Anyway, with terrible weather, it's taken me quite a while just to gather this much data so I think for now, this is it.

In the end, mostly 3 minute subs for the RGB (totalling 7 hours), 10 minute subs for the Ha/Oiii (totalling 4 hours), and if I'm honest probably 6+ hours of doing, redoing, doing and redoing the image processing before I was half way happy with it!

After the feedback from Olly, I went back to the  beginning with my RGB data - and this time starting off by letting Siril photometrically colour correct it to get me in the right ballpark.

And instead of getting to the end and then adding the Ha, after a lot of experimentation - I ended up using  pixelmath in Siril to blend it in from the start, along with my Oiii data from the L-ultimate: I created R1 by creating a 0.4*R+0.6*Ha, then R2 as 0.4*R1+0.6*Ha. I then used R2 as red. For the green I just used green, and for the blue I used the stacked blue/green from my L-ultimate.
 
The result immediately started to look good, and it was then into Affinity Photo for editing, also making use of Russell Croman's plugins (starXterminator and noiseXterminator).

Like every astrophoto ever, it could do with more integration time, but I'm now unlikely to get it this season - so here it is.

stu

And one with more NoiseX and a bit less red flare... better ? worse ?

 

Excellent image! On my Galaxy Tab, v 1 looks "punchier". So, please don't enter it in the competition section. 

Btw, R1 = 0.4×R + 0.6×Ha and R2 = 0.4×R1 + 0.6×Ha. Doesn't that just mean that R2 = 0.16×R + 0.84×Ha, so 84% Ha and 16% red? In other words, will you get the same result with just one pixelmath expression?

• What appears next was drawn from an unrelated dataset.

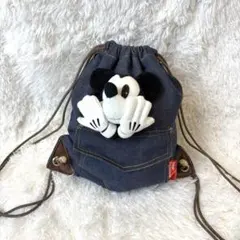 【希少・レトロ】東京ディズニーランド ミッキーマウス デニム ナップサック 巾着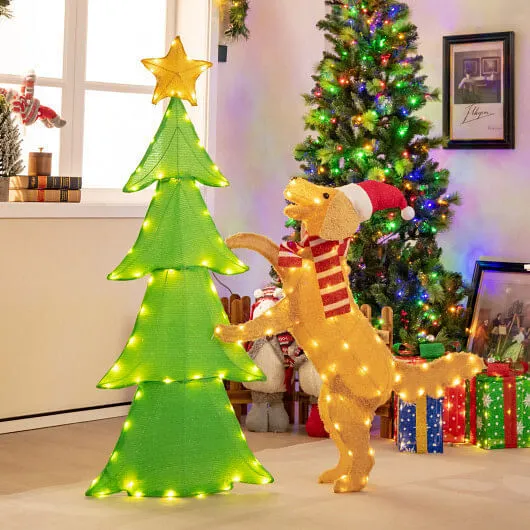 4FT Lighted Tinsel Xmas Tree with Plush Goldendoodle Dog - Color: Multicolor - S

Yesterday astro darkness officially ended here in the North, and won't return until mid August. So this is my final entry in this competition, M63 in Canes Venatici

Imaged with the SkyWatcher 190MN and ZWO ASI294MM

Optolong RGB filters and Baader 7nm H-alpha filter

Total exposure time 14 hours, imaged over four nights 19 - 22 April

Processed in PixInsight

23 hours ago, Sarek said:

I've not yet tried WBPP on its own

Adam Block has a whole series of videos on WBPP on his YouTube channel, including on how to combine data from multiple sessions.

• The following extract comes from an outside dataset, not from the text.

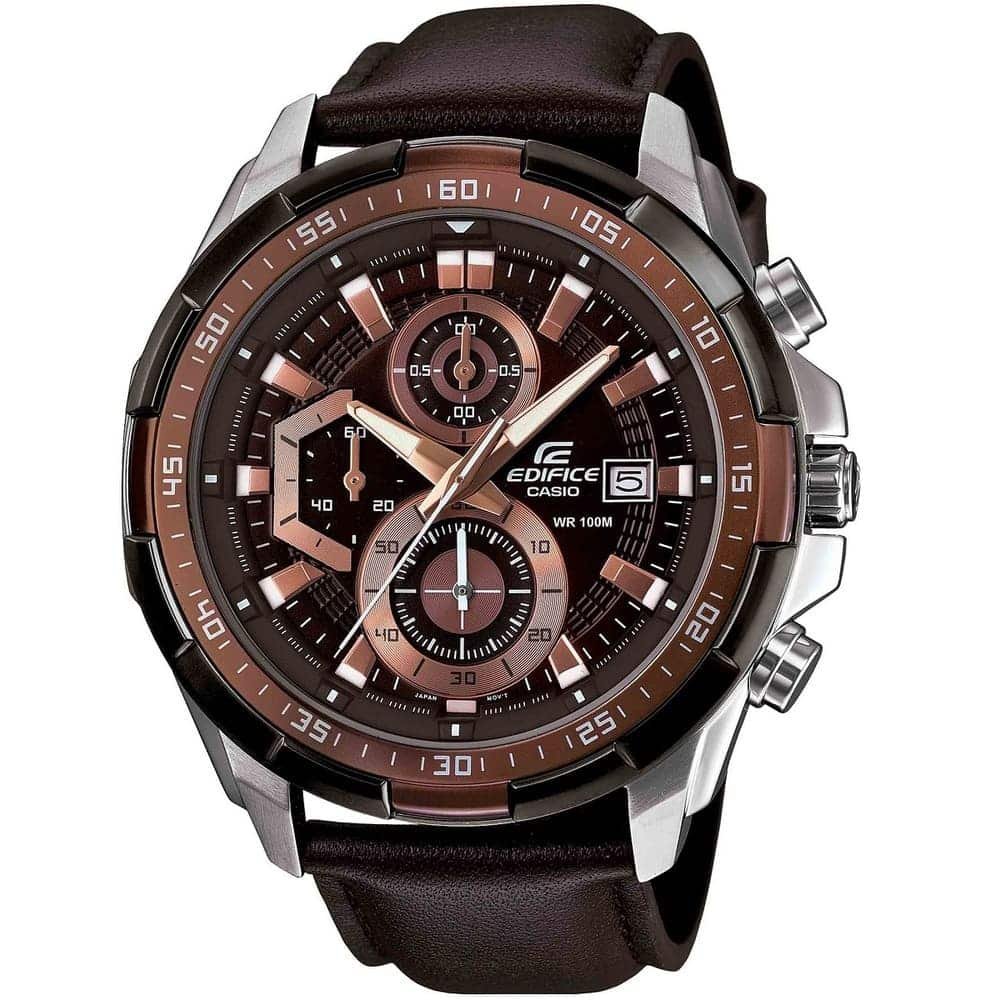 01-226.jpg Casio Edifice Chronograph Watch for Men Brown Dial with Brown Leather Strap EFR-539L-5AV - Image 1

@CCD-Freak does the sensor have amp glow?

19 minutes ago, Sarek said:

Thank you. I've yet to try dithering although I did watch a YT video that recommended 2 pixels every 3rd frame? I guess I can try a range but I'm interested to know why you recommend 12-15  - is that related to exposure time, higher exposure time  = more pixels and higher frame frequency?

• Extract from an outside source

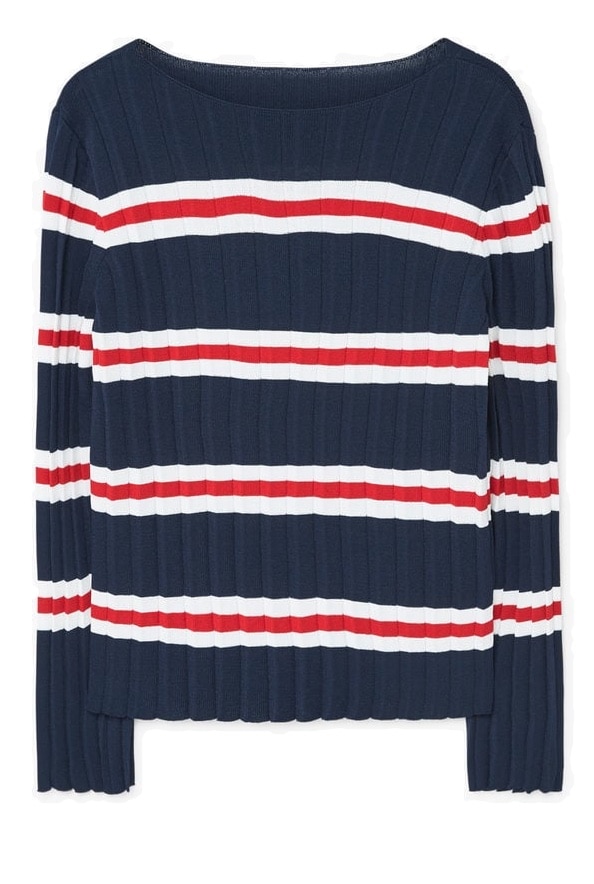 The Fashion Magpie Ribbed Navy Stripe Sweater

The recommendation originally comes from astrophotographer Tony Hallas. DSLR cameras have, what he calls "color mottle", large scale colour noise. To efficiently get rid of it, you dither with larger steps. This talk may be a bit dated, but it is still one of the best introductions

43 minutes ago, dark knight said:

I thought with dslr it was better to use bias frames. Maybe give them a try.

Yes, because darks don't always work with uncooled dslrs. In an ideal world, darks should exectly match in terms of temperature, iso/gain and exposure time, in order to remove the digital signature of the camera. For CCD cameras it was generally allowed to scale flats, adjusting the exposure time difference. But cmos sensors, including those in dslrs, don't always allow this. That's why it may be better to refrain from using darks if you can't get them to match the exposures they are to correct (flats and lights). The workflow then becomes:

• Integrate bias frames to create a master bias
• Calibrate flats with the master bias and integrate to create a master flat.
• Calibrate lights with master bias and master flat
• Use cosmetic correction if you see hot or cold pixels
• DeBayer lights
• Register lights
• Integrate lights to create a master light

If you use this workflow and dither at least 12-15 pixels between exposures, you will end up with a clean master image.

Very nice result.

My first dso astro camera was an ASI174MM with cooling. Sadly, this model is now discontinued by ZWO, and only the non-cooled and mini versions are still available. These models are marketed as solar camera and guide camera. The ASI174 has, just as the camera you are using, for todays standards a small sensor and large pixels (5.86 um). The large pixels gave the camera a large full well depth, but unfortunately also a high read noise, and it had strong amp glow. Nonetheless, it was in my opinion a great dso camera for galaxies, and very much underrated.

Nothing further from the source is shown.